Re: [PATCH] drop_caches: Allow unmapping pages

From: Matthew Wilcox
Date: Mon Jan 07 2019 - 09:15:50 EST


On Mon, Jan 07, 2019 at 02:02:39PM +0100, Vincent Whitchurch wrote:
> +++ b/Documentation/sysctl/vm.txt
> @@ -222,6 +222,10 @@ To increase the number of objects freed by this operation, the user may run
> number of dirty objects on the system and create more candidates to be
> dropped.
>
> +By default, pages which are currently mapped are not dropped from the
> +pagecache. If you want to unmap and drop these pages too, echo 9 or 11 instead
> +of 1 or 3 respectively (set bit 4).

Typically we number bits from 0, so this would be bit 3, not 4. I do see
elsewhere in this file somebody else got this wrong:

: with your system. To disable them, echo 4 (bit 3) into drop_caches.

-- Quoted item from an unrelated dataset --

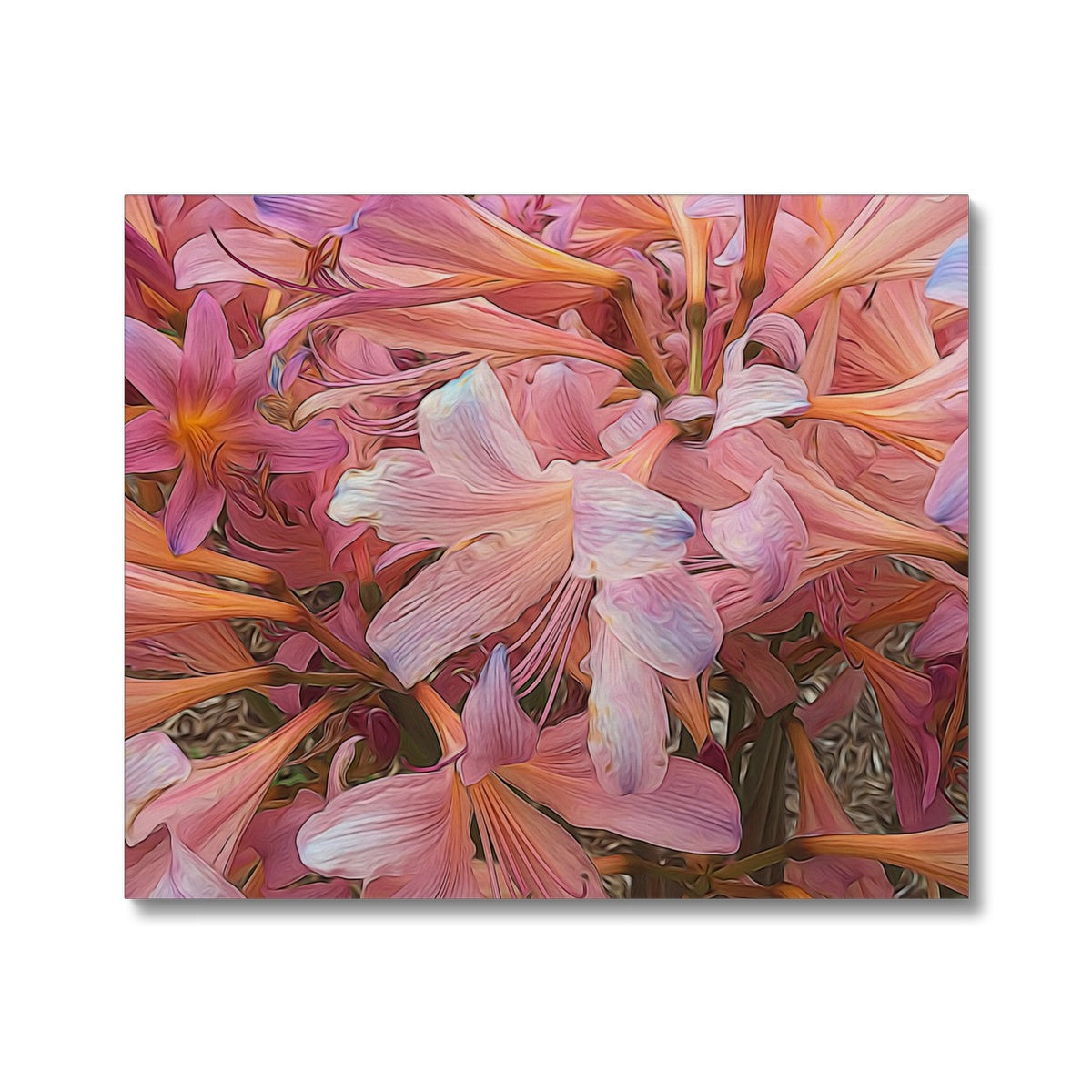 Pink Amaryllis Canvas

but that should also be fixed.

> +static int __invalidate_inode_page(struct page *page, bool unmap)
> +{
> + struct address_space *mapping = page_mapping(page);
> + if (!mapping)
> + return 0;
> + if (PageDirty(page) || PageWriteback(page))
> + return 0;
> + if (page_mapped(page)) {
> + if (!unmap)
> + return 0;
> + if (!try_to_unmap(page, TTU_IGNORE_ACCESS))
> + return 0;

You're going to get data corruption doing this. try_to_unmap_one() does:

/* Move the dirty bit to the page. Now the pte is gone. */
if (pte_dirty(pteval))
set_page_dirty(page);

so PageDirty() can be false above, but made true by calling try_to_unmap().

I also think the way you've done this is expedient at the cost of
efficiency and layering violations. I think you should first tear
down the mappings of userspace processes (which will reclaim a lot
of pages allocated to page tables), then you won't need to touch the
invalidate_inode_pages paths at all.